*TASK DIRECTIONS*:
The lines from the one holding "гидра Магас" to the final line of the listing below are to be duplicated exactly, with both ends included and pictures omitted.
┌─ INPUT DATA
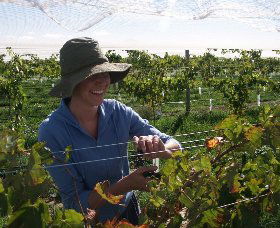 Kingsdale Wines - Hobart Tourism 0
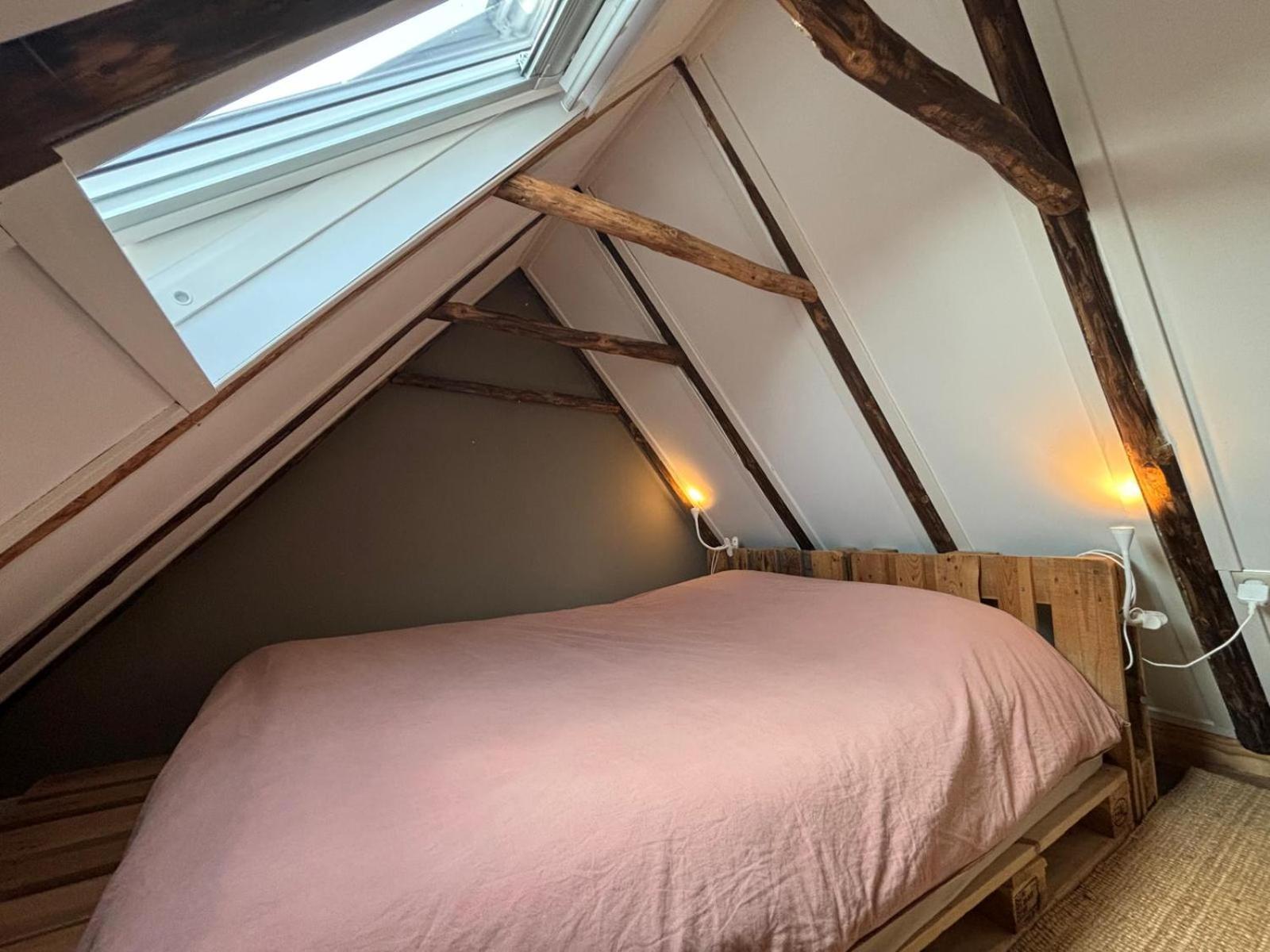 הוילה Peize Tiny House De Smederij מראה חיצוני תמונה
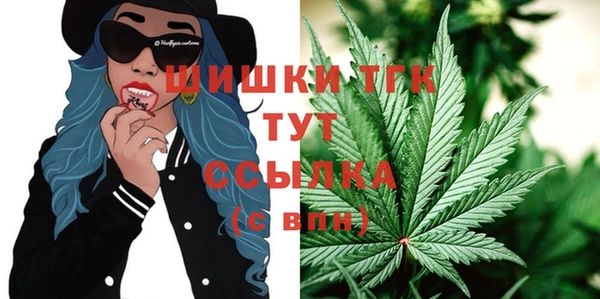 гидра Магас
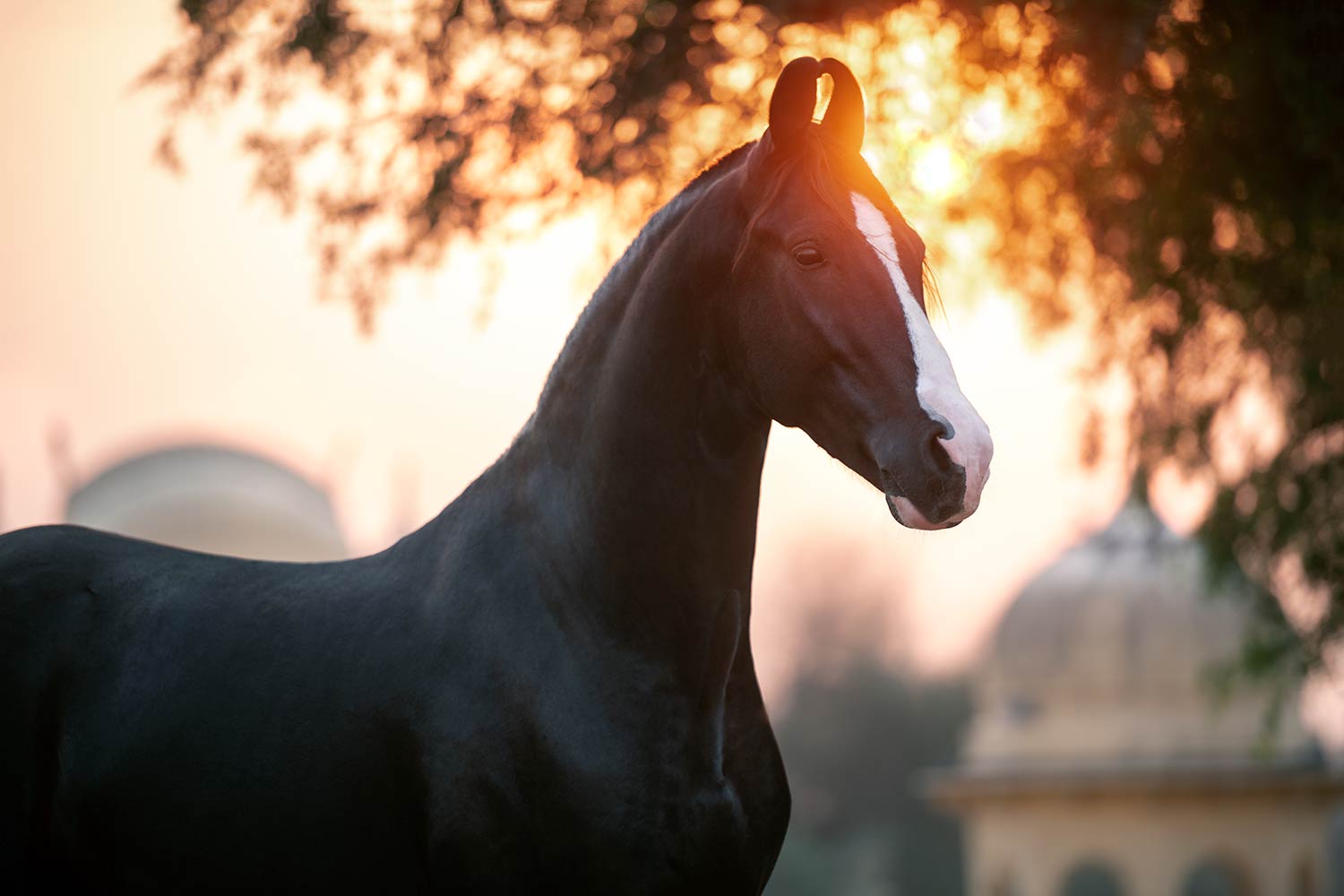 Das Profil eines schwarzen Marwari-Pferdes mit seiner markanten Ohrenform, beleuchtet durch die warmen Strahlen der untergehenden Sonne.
└─
*ANSWER SECTION*:
 гидра Магас
 Das Profil eines schwarzen Marwari-Pferdes mit seiner markanten Ohrenform, beleuchtet durch die warmen Strahlen der untergehenden Sonne.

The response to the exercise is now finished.